I can’t think of any of Ishiguro’s contemporaries in England who would write in quite that tone of voice, let alone have a central character (who’s not supposed to be timorous—Banks, after all, is presented to us, without much evidence, as one of the great detectives of his day) confess to such a fear. Yet the response, with all its overlapping anxieties, of dislocation, of losing time, of being swept up in something outside one’s control, suggests something distinctive about the Ishiguro world, and something that can still make him seem an outsider in the England where he’s lived for forty years.

There is a practical reason why Banks might feel ill at ease in London. Born to an ultra-British family in pre- World War I Shanghai, he’s a relative newcomer in the country of his forebears (and, besides, all his deepest hurts have to do with abandonment). Yet the air of apprehension goes deeper than that. The terror of doing the wrong thing, the elaborate unease attending even the most everyday of activities—take one wrong step and you’ll get lost—the sense of being always on uncertain ground lie at the heart of Ishiguro’s poignant and often anguished vision. In his previous novel, The Unconsoled, he gave us 535 pages about being lost in a foreign place where his narrator couldn’t read the signs.

When We Were Orphans may well be Ishiguro’s most capacious book so far, in part because it stitches together his almost microscopic examination of self-delusion, as it plays out in lost men, with a much larger, often metaphorical look at complacency on a national scale. The story is told in the slightly priggish voice of Banks, and filtered through his highly fallible eyes and memory; a typical Ishiguro protagonist, he keeps assuring us how well-adjusted and popular he is even as the prose reveals him to be “slightly alarmed” and “somewhat irritated,” irked and “somewhat overwrought.” Living on the fringes of London society in the early 1930s, in—as he takes pains to tell us—a “tasteful” Victorian house with “snug armchairs” and an “oak bookcase,” he longs to have some standing in the world. “My intention,” he declares with a typical (and dangerous) mix of innocence and self-satisfaction, “was to combat evil.”

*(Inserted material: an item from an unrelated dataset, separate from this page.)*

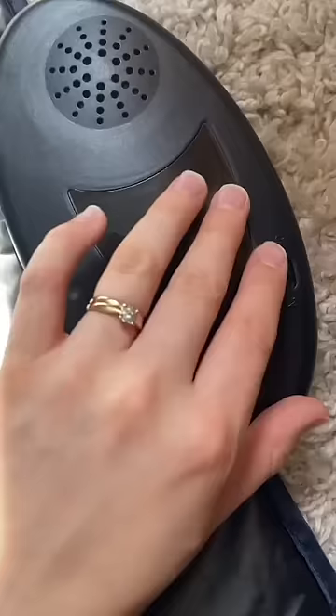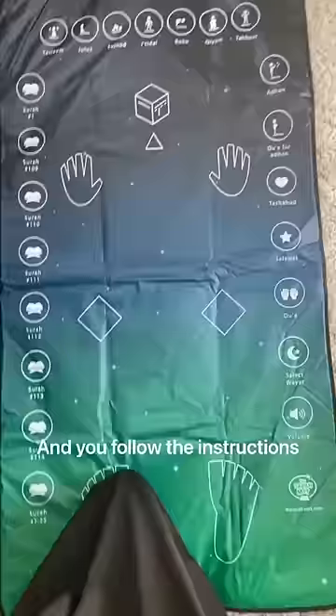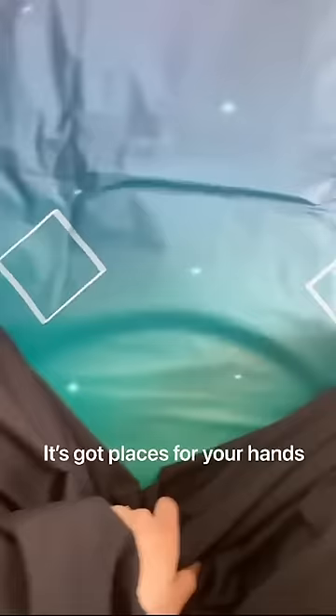I have to show you guys. First you turn it on, you select your prayer, and you follow the instructions — it says at the top what actions to do. So basically it's in the sujood, so it's telling me what part of the prayer we're at. It's got places for your knees, places for your hands, and it's showing you where you should place your head.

More to the point, like all Ishiguro’s main characters, he is a foreigner wherever he happens to find himself, homeless even among those snug armchairs: in the Shanghai of his boyhood he is taken to be an Englishman, and in England he is taken to be an odd man out from China. Utterly in the dark, he searches and searches the small print of the world around him for clues about how to act. (Ishiguro has spoken touchingly of how he, too, arriving in England from Nagasaki at the age of five, learned to “become” an English boy by sedulously copying the sounds he heard around him.) And yet, of course, the very deliberation Banks brings to every transaction ensures that he will never be a part of it. Much as Stevens, the butler in Ishiguro’s best-known novel, The Remains of the Day, laboriously practiced his “bantering” to fit in with the class he served, so Banks, before attending a party, “rehearsed over and over how I would—modestly, but with a certain dignity—outline my ambitions.”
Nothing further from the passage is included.